Serial Communication: Reply Messages From Dev32 Being Lost?

In our product we talk to two external devices via serial ports. Our
controlling processes each open their serial device for read/write in
standard blocking mode, and communicate using the standard read(), write(),
open(), close() functions.

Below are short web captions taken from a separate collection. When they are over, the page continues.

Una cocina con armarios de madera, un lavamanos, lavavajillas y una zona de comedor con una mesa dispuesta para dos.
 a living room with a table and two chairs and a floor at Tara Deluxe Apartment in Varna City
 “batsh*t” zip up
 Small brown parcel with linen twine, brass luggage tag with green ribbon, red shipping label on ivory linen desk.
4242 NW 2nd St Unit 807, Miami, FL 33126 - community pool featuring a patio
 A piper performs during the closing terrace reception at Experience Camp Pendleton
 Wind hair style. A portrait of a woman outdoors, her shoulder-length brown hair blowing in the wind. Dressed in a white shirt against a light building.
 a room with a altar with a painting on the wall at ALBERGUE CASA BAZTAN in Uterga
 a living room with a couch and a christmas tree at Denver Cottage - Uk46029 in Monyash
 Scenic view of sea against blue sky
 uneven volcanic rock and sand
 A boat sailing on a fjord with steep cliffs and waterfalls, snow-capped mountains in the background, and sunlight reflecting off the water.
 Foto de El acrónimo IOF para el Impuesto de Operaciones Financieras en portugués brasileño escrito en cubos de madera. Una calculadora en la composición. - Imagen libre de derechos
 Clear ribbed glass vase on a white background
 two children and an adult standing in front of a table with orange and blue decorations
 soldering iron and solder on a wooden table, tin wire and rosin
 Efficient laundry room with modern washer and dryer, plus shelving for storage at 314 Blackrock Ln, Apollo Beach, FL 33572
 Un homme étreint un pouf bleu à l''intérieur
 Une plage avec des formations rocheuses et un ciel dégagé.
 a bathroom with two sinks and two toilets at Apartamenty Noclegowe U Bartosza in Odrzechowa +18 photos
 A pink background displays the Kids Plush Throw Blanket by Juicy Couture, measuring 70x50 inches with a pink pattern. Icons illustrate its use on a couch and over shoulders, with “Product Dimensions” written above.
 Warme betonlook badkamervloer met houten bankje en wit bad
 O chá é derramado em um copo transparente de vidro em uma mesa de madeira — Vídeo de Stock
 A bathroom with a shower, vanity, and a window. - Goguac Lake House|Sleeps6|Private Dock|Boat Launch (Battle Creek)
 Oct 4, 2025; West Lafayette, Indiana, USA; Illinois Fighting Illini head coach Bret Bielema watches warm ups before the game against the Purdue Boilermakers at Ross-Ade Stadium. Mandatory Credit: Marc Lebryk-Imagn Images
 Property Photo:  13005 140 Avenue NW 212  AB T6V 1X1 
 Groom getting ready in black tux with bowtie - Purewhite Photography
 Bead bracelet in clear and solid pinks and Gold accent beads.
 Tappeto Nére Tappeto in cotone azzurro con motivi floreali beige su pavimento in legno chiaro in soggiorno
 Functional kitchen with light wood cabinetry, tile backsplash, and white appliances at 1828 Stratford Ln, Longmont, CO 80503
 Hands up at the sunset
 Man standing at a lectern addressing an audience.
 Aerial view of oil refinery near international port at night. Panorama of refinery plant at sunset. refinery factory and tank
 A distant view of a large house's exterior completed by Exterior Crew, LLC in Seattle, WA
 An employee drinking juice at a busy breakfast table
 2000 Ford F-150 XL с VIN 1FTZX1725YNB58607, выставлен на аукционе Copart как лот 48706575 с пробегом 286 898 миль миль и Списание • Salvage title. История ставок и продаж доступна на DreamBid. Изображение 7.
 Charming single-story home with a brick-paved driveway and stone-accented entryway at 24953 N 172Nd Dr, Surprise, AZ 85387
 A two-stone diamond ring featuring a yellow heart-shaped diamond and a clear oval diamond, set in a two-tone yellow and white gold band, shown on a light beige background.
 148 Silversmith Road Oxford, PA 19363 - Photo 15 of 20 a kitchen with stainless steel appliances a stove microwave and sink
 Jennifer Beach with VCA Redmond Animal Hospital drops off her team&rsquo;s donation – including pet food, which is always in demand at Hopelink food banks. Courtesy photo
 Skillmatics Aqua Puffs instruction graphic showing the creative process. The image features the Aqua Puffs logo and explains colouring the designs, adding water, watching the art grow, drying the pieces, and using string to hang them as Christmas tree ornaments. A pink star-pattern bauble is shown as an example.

Here are the flags used in our open call (where
device is the path to the serial port device):

fd = open(device, O_RDWR | O_NOCTTY);

We have, on occaision, seen these processes independently (ie, not
necessarily at the same time) being REPLY-blocked on the Dev32 process
indefinitely while the Dev32 process (and the Dev32.ser process) are
RECEIVE-blocked on 0. This suggests to us that a message has been sent by
our process to the Dev32 device (via the read or write function), and
received by Dev32, but our process did not receive a reply to that message.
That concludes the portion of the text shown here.